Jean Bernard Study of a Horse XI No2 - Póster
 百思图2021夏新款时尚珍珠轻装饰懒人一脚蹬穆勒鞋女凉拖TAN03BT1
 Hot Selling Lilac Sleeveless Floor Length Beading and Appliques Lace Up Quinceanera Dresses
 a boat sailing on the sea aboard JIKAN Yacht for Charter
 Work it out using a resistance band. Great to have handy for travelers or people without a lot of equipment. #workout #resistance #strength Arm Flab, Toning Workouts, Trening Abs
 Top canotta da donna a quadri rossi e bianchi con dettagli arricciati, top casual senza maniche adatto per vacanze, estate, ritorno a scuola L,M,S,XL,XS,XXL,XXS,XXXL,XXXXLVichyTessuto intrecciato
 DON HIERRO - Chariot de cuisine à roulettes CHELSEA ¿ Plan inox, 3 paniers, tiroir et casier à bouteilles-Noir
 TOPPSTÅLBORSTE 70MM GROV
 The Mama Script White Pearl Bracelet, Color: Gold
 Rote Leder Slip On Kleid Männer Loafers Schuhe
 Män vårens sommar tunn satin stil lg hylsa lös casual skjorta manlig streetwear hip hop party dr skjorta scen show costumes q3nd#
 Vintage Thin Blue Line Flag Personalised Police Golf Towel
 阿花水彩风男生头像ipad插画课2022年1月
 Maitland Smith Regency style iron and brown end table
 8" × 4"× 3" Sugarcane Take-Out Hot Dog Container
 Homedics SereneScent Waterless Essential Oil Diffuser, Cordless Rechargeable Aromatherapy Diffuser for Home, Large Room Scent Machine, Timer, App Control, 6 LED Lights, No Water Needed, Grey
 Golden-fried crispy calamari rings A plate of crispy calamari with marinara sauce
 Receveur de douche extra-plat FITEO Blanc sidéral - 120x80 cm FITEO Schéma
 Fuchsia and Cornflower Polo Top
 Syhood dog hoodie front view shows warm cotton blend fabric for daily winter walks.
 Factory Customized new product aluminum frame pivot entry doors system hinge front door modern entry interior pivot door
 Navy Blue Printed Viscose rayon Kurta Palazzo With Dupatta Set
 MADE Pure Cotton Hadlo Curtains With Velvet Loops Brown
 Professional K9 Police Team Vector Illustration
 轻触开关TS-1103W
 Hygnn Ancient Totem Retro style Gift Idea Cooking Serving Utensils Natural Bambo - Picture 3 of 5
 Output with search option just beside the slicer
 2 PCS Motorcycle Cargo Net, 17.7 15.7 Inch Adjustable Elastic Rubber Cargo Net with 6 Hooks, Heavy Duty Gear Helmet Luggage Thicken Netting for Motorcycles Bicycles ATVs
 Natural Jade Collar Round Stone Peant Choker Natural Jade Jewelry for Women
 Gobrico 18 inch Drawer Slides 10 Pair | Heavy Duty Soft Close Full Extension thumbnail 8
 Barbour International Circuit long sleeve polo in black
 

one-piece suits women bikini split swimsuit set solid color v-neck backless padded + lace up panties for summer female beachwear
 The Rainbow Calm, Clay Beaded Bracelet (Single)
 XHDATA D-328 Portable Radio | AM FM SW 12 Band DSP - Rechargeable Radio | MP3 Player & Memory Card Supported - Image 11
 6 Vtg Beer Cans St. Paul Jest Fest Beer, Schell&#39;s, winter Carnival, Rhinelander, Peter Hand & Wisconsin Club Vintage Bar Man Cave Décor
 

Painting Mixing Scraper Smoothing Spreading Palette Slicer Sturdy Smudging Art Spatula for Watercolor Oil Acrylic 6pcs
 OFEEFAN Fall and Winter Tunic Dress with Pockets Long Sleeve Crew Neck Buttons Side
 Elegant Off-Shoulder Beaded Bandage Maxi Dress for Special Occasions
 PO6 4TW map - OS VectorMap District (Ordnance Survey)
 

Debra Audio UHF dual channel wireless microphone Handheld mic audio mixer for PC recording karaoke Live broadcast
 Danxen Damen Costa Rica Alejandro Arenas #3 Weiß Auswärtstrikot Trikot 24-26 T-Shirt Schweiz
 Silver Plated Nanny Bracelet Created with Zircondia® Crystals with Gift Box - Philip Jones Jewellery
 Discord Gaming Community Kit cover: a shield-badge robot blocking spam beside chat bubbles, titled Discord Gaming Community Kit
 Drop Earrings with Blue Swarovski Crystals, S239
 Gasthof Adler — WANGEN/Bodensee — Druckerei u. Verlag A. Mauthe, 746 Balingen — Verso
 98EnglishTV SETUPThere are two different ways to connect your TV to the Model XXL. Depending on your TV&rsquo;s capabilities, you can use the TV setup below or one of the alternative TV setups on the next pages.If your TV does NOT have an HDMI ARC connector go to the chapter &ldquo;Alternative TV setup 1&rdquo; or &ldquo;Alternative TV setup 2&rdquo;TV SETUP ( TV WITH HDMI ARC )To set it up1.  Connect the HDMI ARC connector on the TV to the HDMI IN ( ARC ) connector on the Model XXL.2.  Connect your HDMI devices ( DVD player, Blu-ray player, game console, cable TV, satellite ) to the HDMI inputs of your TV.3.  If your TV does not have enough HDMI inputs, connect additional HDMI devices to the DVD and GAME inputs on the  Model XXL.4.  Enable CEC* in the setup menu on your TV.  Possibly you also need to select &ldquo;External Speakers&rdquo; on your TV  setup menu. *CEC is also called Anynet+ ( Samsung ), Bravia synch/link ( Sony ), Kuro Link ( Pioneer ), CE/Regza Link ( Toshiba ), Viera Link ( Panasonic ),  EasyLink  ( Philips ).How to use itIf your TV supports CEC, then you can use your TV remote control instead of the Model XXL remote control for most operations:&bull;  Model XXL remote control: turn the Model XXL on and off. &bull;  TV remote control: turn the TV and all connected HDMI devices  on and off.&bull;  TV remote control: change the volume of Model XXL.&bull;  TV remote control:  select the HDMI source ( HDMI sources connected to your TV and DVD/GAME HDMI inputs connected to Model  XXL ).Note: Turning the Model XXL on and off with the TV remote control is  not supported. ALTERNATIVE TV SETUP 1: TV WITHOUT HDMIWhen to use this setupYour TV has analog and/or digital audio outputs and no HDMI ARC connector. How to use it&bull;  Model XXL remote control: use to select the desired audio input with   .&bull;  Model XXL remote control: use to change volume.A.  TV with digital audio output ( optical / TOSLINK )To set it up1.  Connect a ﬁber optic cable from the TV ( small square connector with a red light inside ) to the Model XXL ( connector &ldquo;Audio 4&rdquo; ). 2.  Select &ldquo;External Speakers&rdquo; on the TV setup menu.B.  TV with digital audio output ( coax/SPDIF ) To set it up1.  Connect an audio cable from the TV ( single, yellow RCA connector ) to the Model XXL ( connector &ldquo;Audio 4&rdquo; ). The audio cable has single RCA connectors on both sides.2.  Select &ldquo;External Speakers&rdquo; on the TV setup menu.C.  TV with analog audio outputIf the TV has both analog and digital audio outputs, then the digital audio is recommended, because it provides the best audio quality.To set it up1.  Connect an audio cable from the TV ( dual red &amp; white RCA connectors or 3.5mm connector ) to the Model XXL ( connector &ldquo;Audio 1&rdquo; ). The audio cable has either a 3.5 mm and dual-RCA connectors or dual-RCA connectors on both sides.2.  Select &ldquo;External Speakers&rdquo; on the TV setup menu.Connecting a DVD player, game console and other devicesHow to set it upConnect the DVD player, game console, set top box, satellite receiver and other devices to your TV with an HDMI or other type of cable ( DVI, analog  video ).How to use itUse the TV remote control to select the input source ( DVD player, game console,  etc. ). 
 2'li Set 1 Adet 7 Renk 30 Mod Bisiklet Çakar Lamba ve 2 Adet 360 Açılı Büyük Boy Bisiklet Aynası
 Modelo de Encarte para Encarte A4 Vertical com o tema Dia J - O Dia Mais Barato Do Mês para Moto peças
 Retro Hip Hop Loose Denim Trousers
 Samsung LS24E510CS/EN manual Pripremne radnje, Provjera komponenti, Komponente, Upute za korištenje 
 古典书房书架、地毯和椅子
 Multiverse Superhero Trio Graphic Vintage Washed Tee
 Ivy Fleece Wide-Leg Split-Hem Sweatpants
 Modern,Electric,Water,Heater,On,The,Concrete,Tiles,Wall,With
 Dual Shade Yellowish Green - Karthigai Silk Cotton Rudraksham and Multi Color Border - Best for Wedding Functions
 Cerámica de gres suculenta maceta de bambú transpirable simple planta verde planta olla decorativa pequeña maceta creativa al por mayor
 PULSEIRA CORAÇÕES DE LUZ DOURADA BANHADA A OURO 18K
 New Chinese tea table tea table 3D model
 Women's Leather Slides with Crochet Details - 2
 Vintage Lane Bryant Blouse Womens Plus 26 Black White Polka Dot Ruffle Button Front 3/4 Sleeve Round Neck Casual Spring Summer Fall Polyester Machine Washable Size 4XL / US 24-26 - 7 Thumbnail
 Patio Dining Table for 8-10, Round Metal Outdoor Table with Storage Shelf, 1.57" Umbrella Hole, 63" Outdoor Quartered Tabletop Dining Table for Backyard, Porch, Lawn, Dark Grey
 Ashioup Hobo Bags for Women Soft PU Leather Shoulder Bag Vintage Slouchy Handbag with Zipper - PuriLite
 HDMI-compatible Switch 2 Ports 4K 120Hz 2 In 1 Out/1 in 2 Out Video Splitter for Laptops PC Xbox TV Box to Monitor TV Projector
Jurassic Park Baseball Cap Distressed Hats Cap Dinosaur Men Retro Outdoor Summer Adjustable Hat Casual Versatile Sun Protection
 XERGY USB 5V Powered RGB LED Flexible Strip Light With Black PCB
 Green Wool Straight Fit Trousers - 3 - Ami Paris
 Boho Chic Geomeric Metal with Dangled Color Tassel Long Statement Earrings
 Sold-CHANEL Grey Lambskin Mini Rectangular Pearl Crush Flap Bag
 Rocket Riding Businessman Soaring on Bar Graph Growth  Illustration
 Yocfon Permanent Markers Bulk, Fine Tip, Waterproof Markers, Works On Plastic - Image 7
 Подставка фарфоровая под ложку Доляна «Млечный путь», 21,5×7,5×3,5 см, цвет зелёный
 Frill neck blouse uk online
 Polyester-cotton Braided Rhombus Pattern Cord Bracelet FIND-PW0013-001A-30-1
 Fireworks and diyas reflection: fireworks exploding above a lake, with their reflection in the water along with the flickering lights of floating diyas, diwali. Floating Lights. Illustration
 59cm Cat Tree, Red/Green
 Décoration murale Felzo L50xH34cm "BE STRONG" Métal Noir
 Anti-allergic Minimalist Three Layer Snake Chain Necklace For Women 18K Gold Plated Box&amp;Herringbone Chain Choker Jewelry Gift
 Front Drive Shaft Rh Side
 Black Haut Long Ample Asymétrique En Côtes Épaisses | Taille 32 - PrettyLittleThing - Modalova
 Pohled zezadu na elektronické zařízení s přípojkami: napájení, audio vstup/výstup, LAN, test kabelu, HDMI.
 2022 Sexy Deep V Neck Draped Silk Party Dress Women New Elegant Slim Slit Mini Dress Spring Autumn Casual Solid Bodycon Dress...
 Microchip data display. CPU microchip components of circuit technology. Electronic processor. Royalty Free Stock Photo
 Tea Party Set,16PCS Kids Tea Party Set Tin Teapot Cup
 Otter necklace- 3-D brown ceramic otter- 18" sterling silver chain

• Exercise description
Starting at the line above that holds "TOPPSTÅLBORSTE 70MM GROV" and ending at the line that holds "阿花水彩风男生头像ipad插画课2022年1月", transcribe each line exactly and include no other lines.

• Response to this task
 TOPPSTÅLBORSTE 70MM GROV
 The Mama Script White Pearl Bracelet, Color: Gold
 Rote Leder Slip On Kleid Männer Loafers Schuhe
 Män vårens sommar tunn satin stil lg hylsa lös casual skjorta manlig streetwear hip hop party dr skjorta scen show costumes q3nd#
 Vintage Thin Blue Line Flag Personalised Police Golf Towel
 阿花水彩风男生头像ipad插画课2022年1月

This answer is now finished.